Forgive us, for a moment, if we ignore the frenzy of Black Friday and look ahead to Small Business Saturday.
While today marks the unofficial start of the Christmas shopping season — as advertisements from large retailers have been reminding us for weeks — today is earmarked for holiday purchases at small businesses. So allow us to make a pitch for local businesses that might not be able to afford TV advertising campaigns or glossy eight-page inserts in the newspaper. Small businesses don’t have the economic might for million-dollar marketing efforts, but collectively they have the ability to power the local economy.

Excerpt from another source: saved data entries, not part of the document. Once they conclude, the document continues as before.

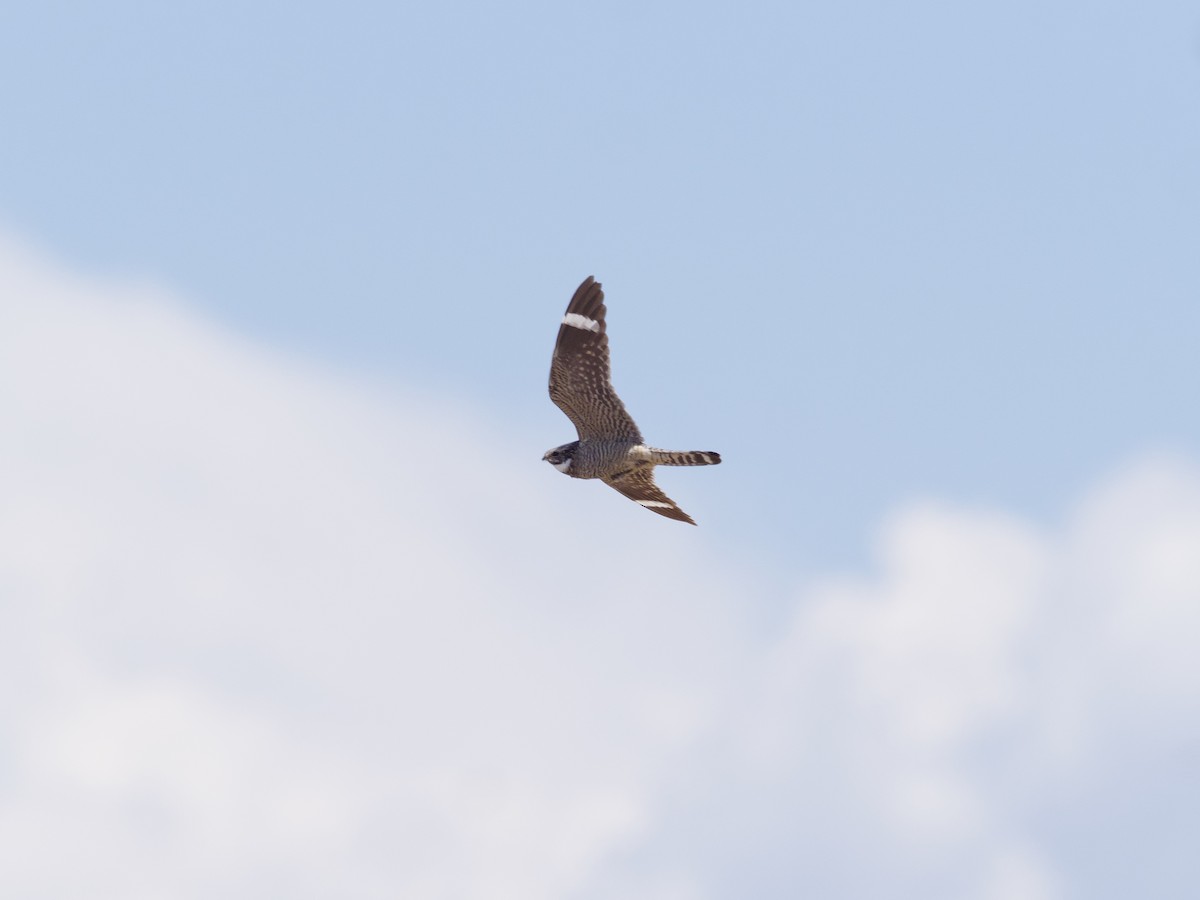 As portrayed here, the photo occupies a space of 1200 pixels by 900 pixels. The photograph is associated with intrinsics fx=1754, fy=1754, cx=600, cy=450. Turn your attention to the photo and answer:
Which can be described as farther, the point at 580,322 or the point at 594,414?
the point at 594,414

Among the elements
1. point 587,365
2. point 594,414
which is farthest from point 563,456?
point 587,365

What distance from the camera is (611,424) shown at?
2750 centimetres

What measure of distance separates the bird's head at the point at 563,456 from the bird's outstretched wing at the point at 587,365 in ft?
3.13

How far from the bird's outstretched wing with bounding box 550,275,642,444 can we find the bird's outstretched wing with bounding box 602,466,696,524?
1247mm

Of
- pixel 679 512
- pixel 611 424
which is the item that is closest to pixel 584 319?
pixel 611 424

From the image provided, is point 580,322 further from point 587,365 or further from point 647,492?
point 647,492

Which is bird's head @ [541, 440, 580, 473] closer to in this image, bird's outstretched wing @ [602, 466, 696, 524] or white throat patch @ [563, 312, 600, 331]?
bird's outstretched wing @ [602, 466, 696, 524]

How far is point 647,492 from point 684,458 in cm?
270

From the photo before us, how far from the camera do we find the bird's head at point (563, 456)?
92.4 ft

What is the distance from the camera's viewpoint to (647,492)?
29.2 meters

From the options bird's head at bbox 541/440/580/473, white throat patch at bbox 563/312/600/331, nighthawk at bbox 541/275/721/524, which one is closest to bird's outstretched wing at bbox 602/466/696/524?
nighthawk at bbox 541/275/721/524

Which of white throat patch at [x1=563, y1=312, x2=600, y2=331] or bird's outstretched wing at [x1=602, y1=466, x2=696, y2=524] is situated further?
bird's outstretched wing at [x1=602, y1=466, x2=696, y2=524]

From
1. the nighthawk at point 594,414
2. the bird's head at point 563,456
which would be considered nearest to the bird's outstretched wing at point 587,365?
the nighthawk at point 594,414

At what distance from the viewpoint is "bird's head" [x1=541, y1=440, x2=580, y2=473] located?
28.2 meters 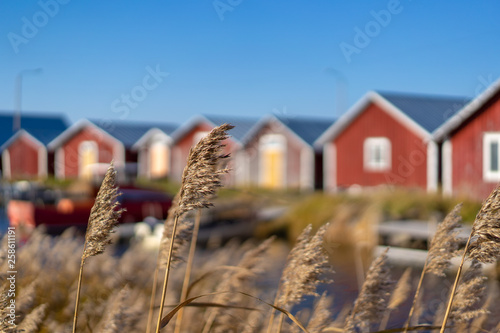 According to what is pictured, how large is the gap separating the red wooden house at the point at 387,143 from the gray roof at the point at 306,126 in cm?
586

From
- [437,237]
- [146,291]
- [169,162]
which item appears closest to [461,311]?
[437,237]

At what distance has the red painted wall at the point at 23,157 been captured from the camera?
49062 millimetres

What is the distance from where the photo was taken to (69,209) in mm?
18438

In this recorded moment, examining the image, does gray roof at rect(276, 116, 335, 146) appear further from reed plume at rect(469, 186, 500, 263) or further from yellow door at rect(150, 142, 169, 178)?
reed plume at rect(469, 186, 500, 263)

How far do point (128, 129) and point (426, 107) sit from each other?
2634 cm

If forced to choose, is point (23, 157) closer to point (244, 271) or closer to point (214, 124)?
point (214, 124)

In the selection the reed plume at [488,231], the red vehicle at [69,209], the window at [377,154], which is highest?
the reed plume at [488,231]

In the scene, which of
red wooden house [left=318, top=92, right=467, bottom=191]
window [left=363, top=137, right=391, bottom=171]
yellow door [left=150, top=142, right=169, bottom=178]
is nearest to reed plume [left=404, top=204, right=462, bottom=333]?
red wooden house [left=318, top=92, right=467, bottom=191]

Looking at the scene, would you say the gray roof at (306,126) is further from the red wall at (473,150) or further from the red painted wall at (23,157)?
the red painted wall at (23,157)

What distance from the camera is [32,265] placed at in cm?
632

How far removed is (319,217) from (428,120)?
11.3m

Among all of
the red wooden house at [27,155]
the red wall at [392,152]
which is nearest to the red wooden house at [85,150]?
the red wooden house at [27,155]

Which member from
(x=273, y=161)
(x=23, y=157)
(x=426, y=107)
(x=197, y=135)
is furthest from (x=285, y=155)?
(x=23, y=157)

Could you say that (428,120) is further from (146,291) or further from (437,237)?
(437,237) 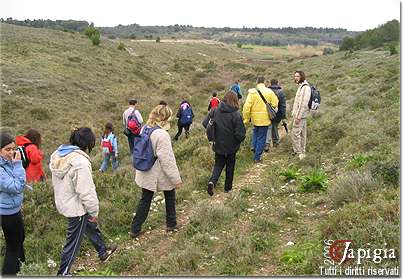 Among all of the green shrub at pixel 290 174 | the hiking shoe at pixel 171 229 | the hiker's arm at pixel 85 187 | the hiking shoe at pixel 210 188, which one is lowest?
the hiking shoe at pixel 171 229

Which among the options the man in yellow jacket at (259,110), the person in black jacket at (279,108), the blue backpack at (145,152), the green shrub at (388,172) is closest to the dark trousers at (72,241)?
the blue backpack at (145,152)

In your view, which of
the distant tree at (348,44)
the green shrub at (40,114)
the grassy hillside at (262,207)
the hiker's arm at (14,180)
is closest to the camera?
the hiker's arm at (14,180)

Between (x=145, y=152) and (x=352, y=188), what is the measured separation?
325 cm

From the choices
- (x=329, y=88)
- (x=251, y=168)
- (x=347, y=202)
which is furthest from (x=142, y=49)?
(x=347, y=202)

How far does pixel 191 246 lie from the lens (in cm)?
551

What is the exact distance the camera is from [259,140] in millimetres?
9555

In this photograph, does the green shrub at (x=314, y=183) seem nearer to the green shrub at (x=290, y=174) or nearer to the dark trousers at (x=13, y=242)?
the green shrub at (x=290, y=174)

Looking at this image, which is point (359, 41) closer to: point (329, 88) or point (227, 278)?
point (329, 88)

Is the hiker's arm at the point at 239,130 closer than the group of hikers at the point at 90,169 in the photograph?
No

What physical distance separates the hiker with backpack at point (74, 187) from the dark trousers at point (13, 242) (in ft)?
1.99

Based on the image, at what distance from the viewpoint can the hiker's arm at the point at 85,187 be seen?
4.92 metres

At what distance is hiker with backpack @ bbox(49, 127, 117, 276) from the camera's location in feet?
16.2

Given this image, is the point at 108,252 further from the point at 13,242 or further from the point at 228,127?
the point at 228,127

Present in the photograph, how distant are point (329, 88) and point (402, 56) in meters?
15.1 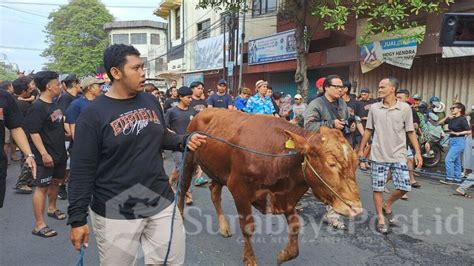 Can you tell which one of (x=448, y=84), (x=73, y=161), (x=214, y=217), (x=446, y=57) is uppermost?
(x=446, y=57)

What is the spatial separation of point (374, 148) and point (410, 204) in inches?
65.2

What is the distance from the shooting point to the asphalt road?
397 centimetres

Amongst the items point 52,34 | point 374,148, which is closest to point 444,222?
point 374,148

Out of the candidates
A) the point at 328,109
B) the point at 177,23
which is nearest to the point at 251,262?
the point at 328,109

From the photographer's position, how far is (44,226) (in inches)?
178

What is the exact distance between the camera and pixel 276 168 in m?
3.48

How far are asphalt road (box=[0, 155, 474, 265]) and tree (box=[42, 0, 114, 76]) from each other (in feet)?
134

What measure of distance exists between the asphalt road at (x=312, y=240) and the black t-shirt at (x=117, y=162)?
65.8 inches

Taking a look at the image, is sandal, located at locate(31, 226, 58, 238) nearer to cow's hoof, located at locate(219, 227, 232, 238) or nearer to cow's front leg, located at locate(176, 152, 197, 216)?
cow's front leg, located at locate(176, 152, 197, 216)

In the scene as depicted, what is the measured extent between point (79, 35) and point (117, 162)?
4824 centimetres

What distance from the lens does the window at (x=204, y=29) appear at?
77.9 ft

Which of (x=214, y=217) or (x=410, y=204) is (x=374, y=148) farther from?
(x=214, y=217)

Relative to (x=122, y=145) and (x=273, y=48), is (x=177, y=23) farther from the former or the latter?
(x=122, y=145)

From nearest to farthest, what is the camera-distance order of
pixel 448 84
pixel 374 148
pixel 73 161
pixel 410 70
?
pixel 73 161
pixel 374 148
pixel 448 84
pixel 410 70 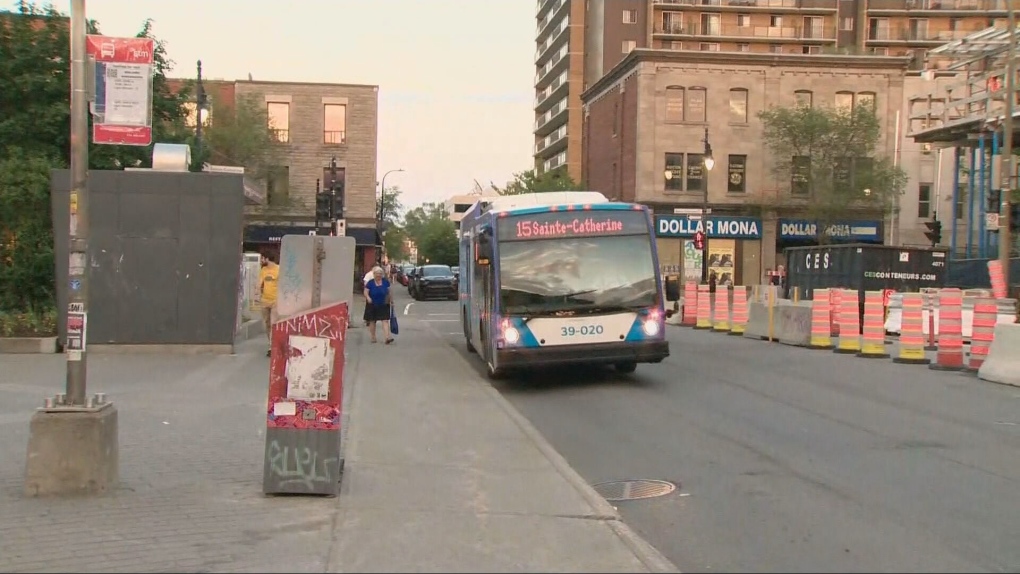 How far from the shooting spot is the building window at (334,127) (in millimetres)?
47281

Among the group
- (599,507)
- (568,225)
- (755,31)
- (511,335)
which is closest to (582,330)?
(511,335)

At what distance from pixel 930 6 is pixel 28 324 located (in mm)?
79318

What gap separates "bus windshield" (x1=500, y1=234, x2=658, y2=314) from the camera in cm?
1213

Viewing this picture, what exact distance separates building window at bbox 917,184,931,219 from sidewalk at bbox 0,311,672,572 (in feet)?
152

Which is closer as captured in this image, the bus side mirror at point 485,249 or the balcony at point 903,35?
the bus side mirror at point 485,249

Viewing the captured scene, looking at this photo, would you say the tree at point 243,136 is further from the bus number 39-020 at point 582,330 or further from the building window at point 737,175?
the bus number 39-020 at point 582,330

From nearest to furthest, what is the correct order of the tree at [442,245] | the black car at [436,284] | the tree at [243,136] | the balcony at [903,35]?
the black car at [436,284] → the tree at [243,136] → the balcony at [903,35] → the tree at [442,245]

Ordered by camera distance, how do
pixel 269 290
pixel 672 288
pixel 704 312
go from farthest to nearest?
pixel 704 312
pixel 269 290
pixel 672 288

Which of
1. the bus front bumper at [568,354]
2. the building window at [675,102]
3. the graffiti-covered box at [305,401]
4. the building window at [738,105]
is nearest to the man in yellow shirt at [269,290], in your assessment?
the bus front bumper at [568,354]

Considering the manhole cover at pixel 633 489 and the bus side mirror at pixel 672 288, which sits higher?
the bus side mirror at pixel 672 288

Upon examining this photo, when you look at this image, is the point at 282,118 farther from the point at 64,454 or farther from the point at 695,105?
the point at 64,454

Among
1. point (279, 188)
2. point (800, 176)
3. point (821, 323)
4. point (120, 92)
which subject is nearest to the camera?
point (120, 92)

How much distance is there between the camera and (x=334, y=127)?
47344 millimetres

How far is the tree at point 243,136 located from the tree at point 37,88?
20.7m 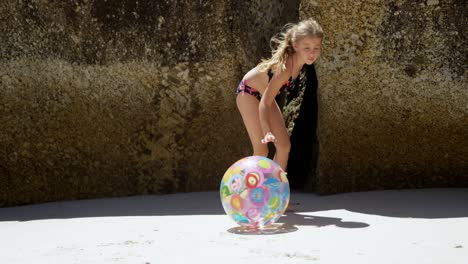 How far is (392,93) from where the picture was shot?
16.6 ft

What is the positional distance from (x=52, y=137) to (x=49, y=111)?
0.21 m

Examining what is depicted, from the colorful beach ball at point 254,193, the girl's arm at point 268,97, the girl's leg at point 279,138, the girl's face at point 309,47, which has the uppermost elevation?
the girl's face at point 309,47

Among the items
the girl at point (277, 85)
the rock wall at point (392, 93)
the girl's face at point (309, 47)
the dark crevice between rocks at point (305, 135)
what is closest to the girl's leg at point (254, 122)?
the girl at point (277, 85)

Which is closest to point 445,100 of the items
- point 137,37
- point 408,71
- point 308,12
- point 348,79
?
point 408,71

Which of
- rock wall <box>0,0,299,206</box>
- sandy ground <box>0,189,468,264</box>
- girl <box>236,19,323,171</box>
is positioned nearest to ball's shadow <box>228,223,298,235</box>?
sandy ground <box>0,189,468,264</box>

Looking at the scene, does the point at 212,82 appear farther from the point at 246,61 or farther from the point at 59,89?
the point at 59,89

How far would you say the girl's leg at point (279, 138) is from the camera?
15.0 feet

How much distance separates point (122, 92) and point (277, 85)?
5.04 ft

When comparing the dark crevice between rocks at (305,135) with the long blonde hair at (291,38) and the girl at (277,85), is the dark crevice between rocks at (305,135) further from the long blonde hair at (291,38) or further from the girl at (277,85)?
the long blonde hair at (291,38)

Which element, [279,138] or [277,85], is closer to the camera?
[277,85]

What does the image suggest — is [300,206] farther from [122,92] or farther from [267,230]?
[122,92]

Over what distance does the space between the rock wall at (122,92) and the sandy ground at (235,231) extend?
29 cm

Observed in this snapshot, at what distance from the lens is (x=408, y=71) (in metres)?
5.02

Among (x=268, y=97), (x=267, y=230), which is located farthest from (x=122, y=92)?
(x=267, y=230) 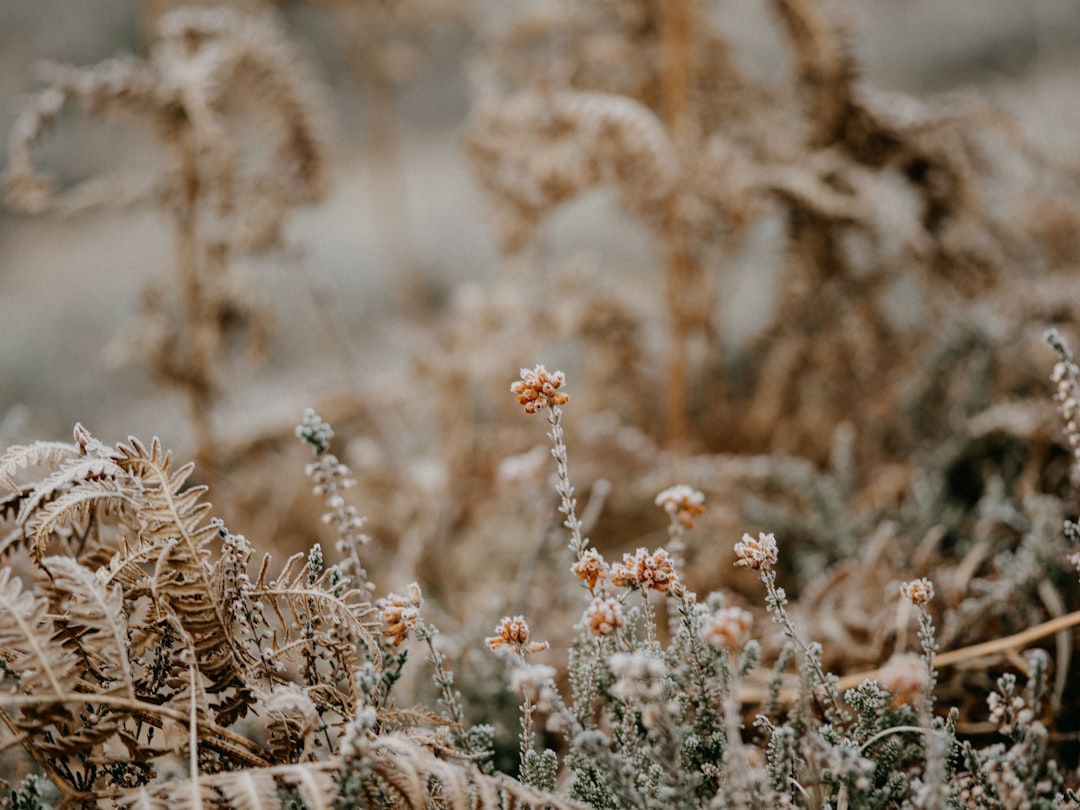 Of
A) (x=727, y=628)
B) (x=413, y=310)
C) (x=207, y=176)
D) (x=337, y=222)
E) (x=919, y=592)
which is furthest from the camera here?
(x=337, y=222)

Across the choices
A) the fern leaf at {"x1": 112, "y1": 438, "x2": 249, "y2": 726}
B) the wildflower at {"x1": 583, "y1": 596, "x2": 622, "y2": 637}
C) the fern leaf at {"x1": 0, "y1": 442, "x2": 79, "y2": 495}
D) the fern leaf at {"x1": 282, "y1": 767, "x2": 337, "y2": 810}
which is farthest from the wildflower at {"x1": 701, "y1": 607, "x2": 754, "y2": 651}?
the fern leaf at {"x1": 0, "y1": 442, "x2": 79, "y2": 495}

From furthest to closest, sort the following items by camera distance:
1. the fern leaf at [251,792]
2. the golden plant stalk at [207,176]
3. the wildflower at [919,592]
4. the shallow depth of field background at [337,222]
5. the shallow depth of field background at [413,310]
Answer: the shallow depth of field background at [337,222] < the shallow depth of field background at [413,310] < the golden plant stalk at [207,176] < the wildflower at [919,592] < the fern leaf at [251,792]

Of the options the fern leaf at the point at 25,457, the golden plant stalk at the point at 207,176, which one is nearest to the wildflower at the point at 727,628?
the fern leaf at the point at 25,457

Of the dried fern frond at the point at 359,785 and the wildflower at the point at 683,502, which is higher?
the wildflower at the point at 683,502

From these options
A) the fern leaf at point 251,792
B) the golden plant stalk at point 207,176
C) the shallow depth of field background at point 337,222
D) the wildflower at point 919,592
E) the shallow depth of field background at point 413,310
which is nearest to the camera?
the fern leaf at point 251,792

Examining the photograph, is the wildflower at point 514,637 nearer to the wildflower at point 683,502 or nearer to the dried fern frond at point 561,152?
the wildflower at point 683,502

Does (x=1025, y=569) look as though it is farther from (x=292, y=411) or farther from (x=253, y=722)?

Look at it this way: When you shop at a big-box store that has a national profile, state and local sales tax is collected and local employees are supported, but the profit gets sent to a far-off headquarters for a company that pays corporate taxes in its home state. In contrast, when you shop at a locally owned store, the sales tax and employee wages remain in Washington, but so do the businesses’ taxes and the salary for a locally based proprietor.
There are obvious benefits to supporting a store owner who lives in the community rather than one who lives in, say, Bentonville, Ark.
That is the gist behind Small Business Saturday. Admittedly, the “holiday” is contrived, having been created by American Express in 2010. Designed to counter Black Friday and Cyber Monday, which promote large retailers and e-commerce, it encourages shoppers to visit local brick-and-mortar stores.
The demise of such stores has been predicted for decades, tracing back to when shopping malls first drew patrons away from traditional downtowns. Over the past four decades, with deregulation leading to an increase in mergers and the power of megastores, it has been difficult for small retailers to remain competitive.
A study released last week by Washington State University’s Carson College of Business, however, provides some hope for small businesses. Many shoppers still are drawn to the customer service of a brick-and-mortar outlet, along with the prospect of shopping instead of merely buying. “We’ve found shoppers often find inspiration for gifts while perusing the aisles and value in-person customer service and the ability to see and feel the products,” WSU’s Joan Giese said.
We hope that extends to Clark County’s small businesses on the day dedicated to them. Then again, there is nothing small about small business.
According to the U.S. Small Business Association, small businesses account for 99.5 percent of all companies in Washington and for more than 50 percent of employment. According to the city of Vancouver’s website, about 95 percent of the city’s employers are small businesses. Of course, not all of them are retail outlets that can provide that perfect Christmas gift, but local retailers continue to provide a boost for local economies.
All of which leads us to support Small Business Saturday. As Chris Myers wrote for Forbes.com in 2015: “Is it really so troubling that small businesses make a momentary appeal for support amidst the suffocating din of holiday advertisements from their larger, more resourced counterparts?” When you consider the benefits that come with shopping from a local retailer, no it is not.
Small Business Saturday might not carry the shop-till-you-drop excitement of Black Friday or the shop-in-your-pajamas comfort of Cyber Monday, but the effort of visiting local stores can pay off throughout the year for the entire community.